Real effects of eating one meal daily as ‘new year, new me’ kicks off

At the start of a New Year, many people are motivated to make lifestyle changes, especially after indulging during the festive season.

Some opt to abstain from alcohol for a month or even the entire year. Others might start a new fitness regime or take up a new hobby. It’s not uncommon to know someone who is fully committed to the ‘New Year, New Me’ mantra.

While it’s a great opportunity to begin a weight loss journey or improve lifestyle habits, diving into an extreme diet may not always be the best approach.

One such extreme diet is the OMAD (One Meal A Day) plan, which may seem like a quick weight loss solution, but research suggests it is not ideal for your body.

OMAD is a form of intermittent fasting where individuals consume calories within a short time frame.

This fasting method is referred to as 23:1, meaning a person fasts for 23 hours and eats during a one-hour window. Typically, those on the OMAD diet eat their meal in the evening, then fast until the next evening.

While it might appear to be a simple weight loss strategy, a 2019 study indicates that skipping breakfast may impair glucose control later in the day and elevate the risk of type 2 diabetes.

Followers of this diet report benefits such as rapid weight loss, no need for calorie counting, and no food restrictions. However, there is limited evidence supporting that one meal a day effectively promotes weight loss.

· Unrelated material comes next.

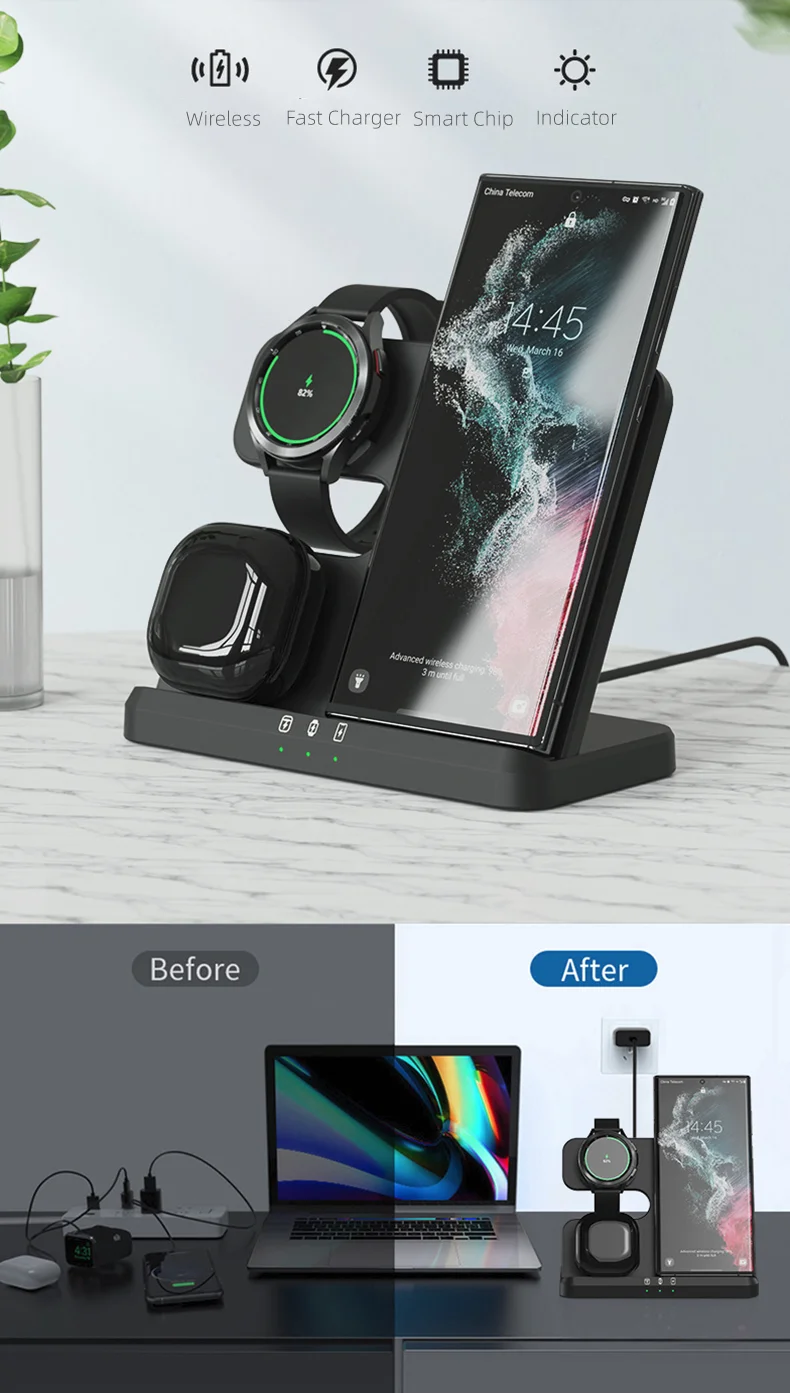3 in 1 Wireless Charging Station for All Samsung Phones - onlinemegasale.com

There are also several risks involved. This type of diet can lead to extreme hunger, fatigue from low energy, weakness or irritability due to decreased blood sugar levels, and difficulty concentrating.

Additionally, it can be challenging to consume adequate nutrition within a one-hour timeframe, and for some, this diet might contribute to disordered eating patterns.

If you’re seeking to establish a new routine for the New Year, aiming for a balanced diet and a healthy lifestyle is the better path.

The NHS recommends initiating a weight loss journey by making small, manageable changes to your diet and portion sizes. Calorie counting can be helpful for some, alongside engaging in regular physical activity.